→ **What the exercise asks**
Give back exactly the lines of the material below that start at the line containing "New 1400+pcs Wizard" and end at the line containing "SiliFine 12 Set", and no others.

→ **Dataset records**
**********

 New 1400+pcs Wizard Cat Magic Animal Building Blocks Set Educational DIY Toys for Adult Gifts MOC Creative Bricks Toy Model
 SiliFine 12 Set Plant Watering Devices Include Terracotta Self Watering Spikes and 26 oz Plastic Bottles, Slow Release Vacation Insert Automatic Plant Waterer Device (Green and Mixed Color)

**********

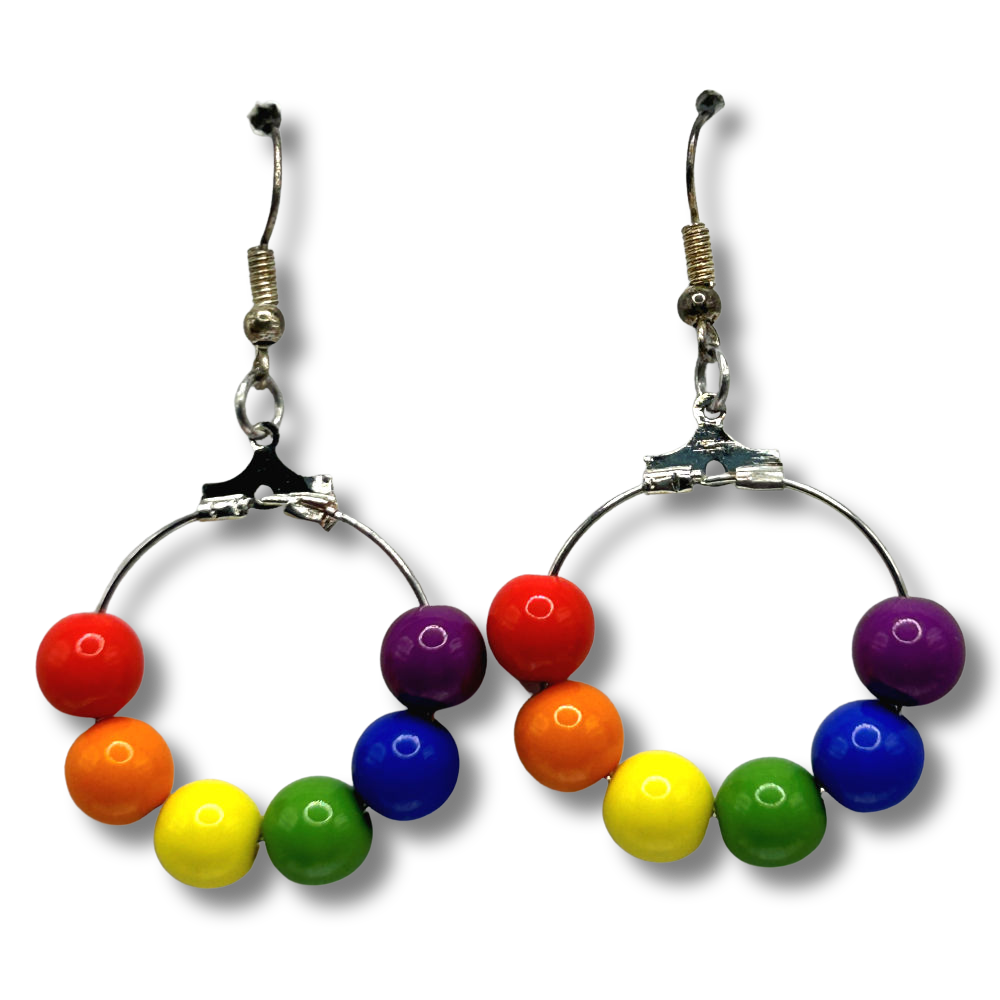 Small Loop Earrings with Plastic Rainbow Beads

**********

→ **Answer box**
 New 1400+pcs Wizard Cat Magic Animal Building Blocks Set Educational DIY Toys for Adult Gifts MOC Creative Bricks Toy Model
 SiliFine 12 Set Plant Watering Devices Include Terracotta Self Watering Spikes and 26 oz Plastic Bottles, Slow Release Vacation Insert Automatic Plant Waterer Device (Green and Mixed Color)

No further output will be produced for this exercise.